Lugtronic is no fkn joke. :thumbup:


----------



## turbodub (Jul 6, 2000)

we dont like to refer to timmys car as a "blue golf" anymore. from know on it will be called "gti azul"
thanks


----------



## scrapper (Feb 17, 2007)

:thumbup: Nice

What's with all the smoke at the top end of the track?


----------



## Fast929 (Nov 13, 2004)

Assuming it pushed a gasket, hurting a piston I think based on Tim's "wtb" thread.


----------



## lugnuts (Jul 26, 2001)

AKA the "Mullen Monster"

Took out a piston (finally)

*** EDIT *** naaa, it just did a "Waterfest Hotel Burnout" on the top end, lol.


Motor was from a junkyard, its 2+ years old. It's been partially digesting it's own oil for those 2 years, and has run 10.3 seconds and 150.6 MPH.

Timmy has another stock piston fired in there form MIR this weekend. Looking to drop some of those pesky tenth's off of the ET.


----------



## PjS860ct (Dec 22, 2002)

:thumbup: :heart: my Lugtronic 

Will be intouch after my wedding... My jetta will be needing a Lugnuts tune!


----------



## 05JettaGLXVR6 (Jan 25, 2006)

As usual were lacking vidoes from the event. Can't find any of the first round i ran a 10.3. Best i have is this [email protected]

http://www.youtube.com/watch?v=vXUOo17l-L4&feature=related


----------



## syncrogti (Sep 5, 2005)

Best estimate on HP for this car?


----------



## lugnuts (Jul 26, 2001)

About 660-675 whp


----------



## syncrogti (Sep 5, 2005)

lugnuts said:


> About 660-675 whp


As a mechanical engineer, I believe that IC engines are typically built to a safety/design factor of 1.75-2.5. This would put a VR's (172hp stock) potential HP limit at around 250-350hp, yet you are able to get 660-675 Whp (not crank, which would be 7%-ish higher than Whp). I would assume the weak link to be pistons, unless RPM's are high in which it will probably be rods/rod bolts.

I have tons of respect for you, I've watched you do so many projects, I followed your stuff on Hardcore also, how on earth are you able to get so much more HP out of an engine using stock rods/pistons than what it is "designed" to handle? Great fuel maps, non agressive timing, ARP everything? How does E85 behave differently than gasoline besides the stoichometric value?

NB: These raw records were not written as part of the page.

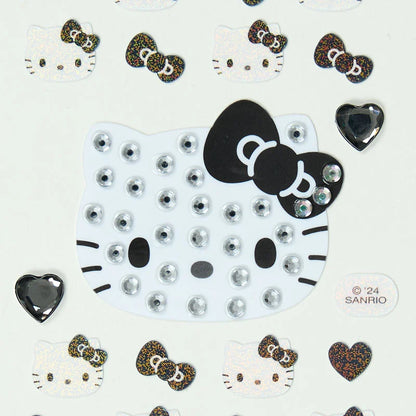 I Love Hello Kitty Black Sticker Pack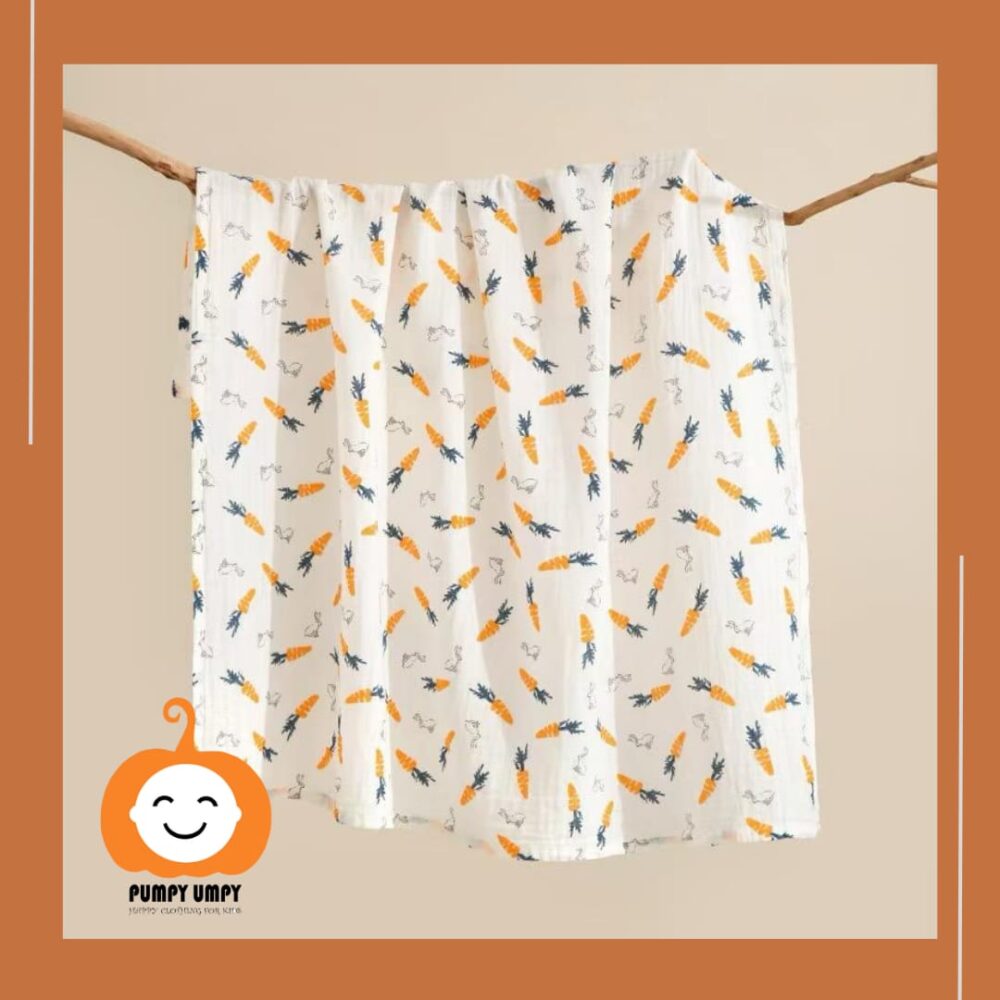 Baby Double Layer Swaddle Blanket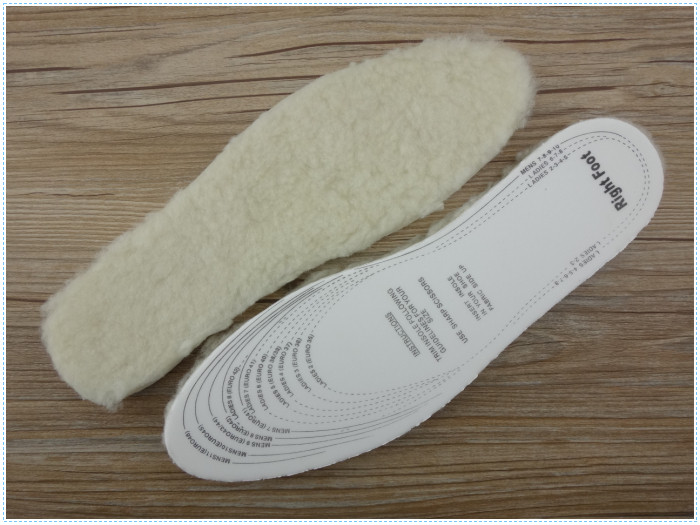 High Quality Winter Warm Insole Best Insoles for Work Shoes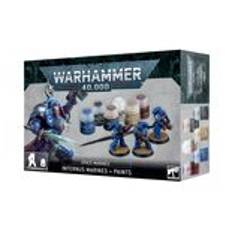 Warhammer 40,000 Infernus Marines + Paints Set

Sorry to thread jack. OP, this car is amazing! what I wouldn't pay for just a single pass in it (riding, not even driving)


----------



## 05JettaGLXVR6 (Jan 25, 2006)

Motor has ARP rod bolts and head studs. Were reving the motor to almost 8k rpm. ive made 20+ 10 second passes on this motor. Its been 2 years since ive touched it. I already put a new piston in it and drove it around a little. Ready for a race this weekend.


----------



## vwgolfracer26 (Nov 3, 2003)

Good luck on your upcoming race this weekend. You have a sick setup. :thumbup:


----------



## [email protected] (Jan 2, 2009)

Most stuff would have a healthy safety factor with a reasonable fatigue life... 10 minutes at WOT (or whatever, not hating) is not considered a reasonable fatigue life to OE engineers  The acceptable stress levels ramp up pretty quick though once you get down into the real low cycle stuff. 

:thumbup:


----------



## sp_golf (Nov 28, 2007)

Just saw the results from Import revolution, the car ran a new PB 10.09
This guy just doesn't quit, he just keeps getting faster :thumbup::beer:
Congrats


----------



## lugnuts (Jul 26, 2001)

Hopefully there will be a new thread started for this car soon


----------



## scrapper (Feb 17, 2007)

:thumbup:


----------



## Jeebus (Jul 8, 2001)

sp_golf said:


> Just saw the results from Import revolution, the car ran a new PB 10.09
> This guy just doesn't quit, he just keeps getting faster :thumbup::beer:
> Congrats


Insane... I was wondering how it made out. Any other details... Seems like Kevin is hiding something.


----------



## sp_golf (Nov 28, 2007)

Jeebus said:


> Insane... I was wondering how it made out. Any other details... Seems like Kevin is hiding something.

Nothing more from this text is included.